There’s no hard proof that the cape came from Edith, but there are some things to consider. Biltmore House is huge, with dozens of rooms that could have stored the family’s out of date clothing, but according to a curator I talked with twelve years ago, there was little old clothing to be found in the home when they went looking for it. The oldest things dated to the 1920s, and probably belonged to the daughter.
So where did the Victorian and Edwardian clothing go? It is likely that Edith did give it all away to people who worked for her. This was a somewhat common practice among royalty, and American nouveau riche loved to imitate royalty. Even today it’s said that Queen Elizabeth gives her castoffs to her dressers.
The family history seems to be pretty solid, with the donator providing details about the gift. And the big question is, how would a woman who worked as a maid come about such a luxurious garment?
And it is a very fine object.
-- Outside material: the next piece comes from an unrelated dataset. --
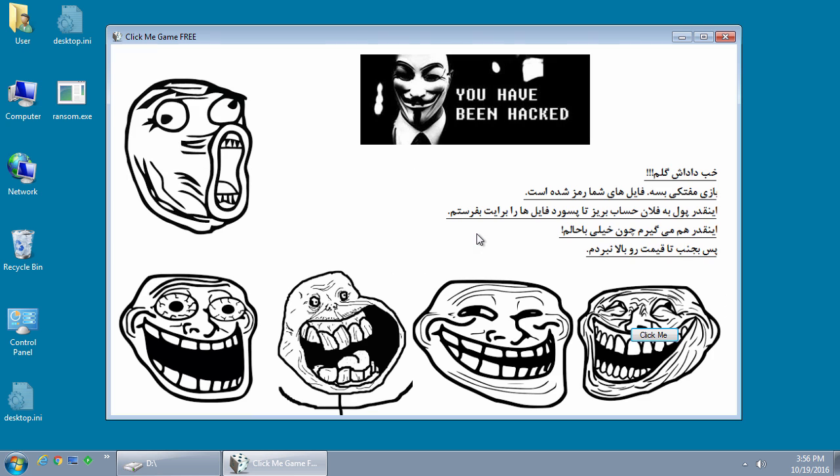This ransom note, as you can see right here, will say you have been hacked. It'll have a picture of anonymous, some funky little images of people's faces laughing at you and a ransom note which I believe is written in Farsi.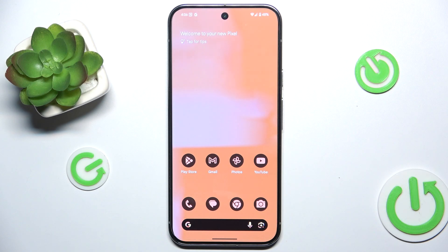Hello, in this video I'm gonna show you how to add or remove home screen widgets on Google Pixel 9 Pro XL.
It’s made entirely of silk from the ties at the neck to the tassels and silk-covered beads at the hem.
It is constructed of black silk strips joined with silk netting, and decorated with chenille trim. Except for a few beads, the cape is intact and is in great condition.
I was able to unmount the cape and to examine the interior. I was really disappointed to see there was no label.
So is there any way to prove this cape came from Biltmore House? The only way I can think of is to find a photo of Edith (or maybe another family member) wearing it. The Vanderbilts’ lives were well-documented by photography, so it is possible the evidence is somewhere in the Biltmore Company’s archive. As of yet, I have not been able to find it in books and online.
The pink flowers are not original to the cape.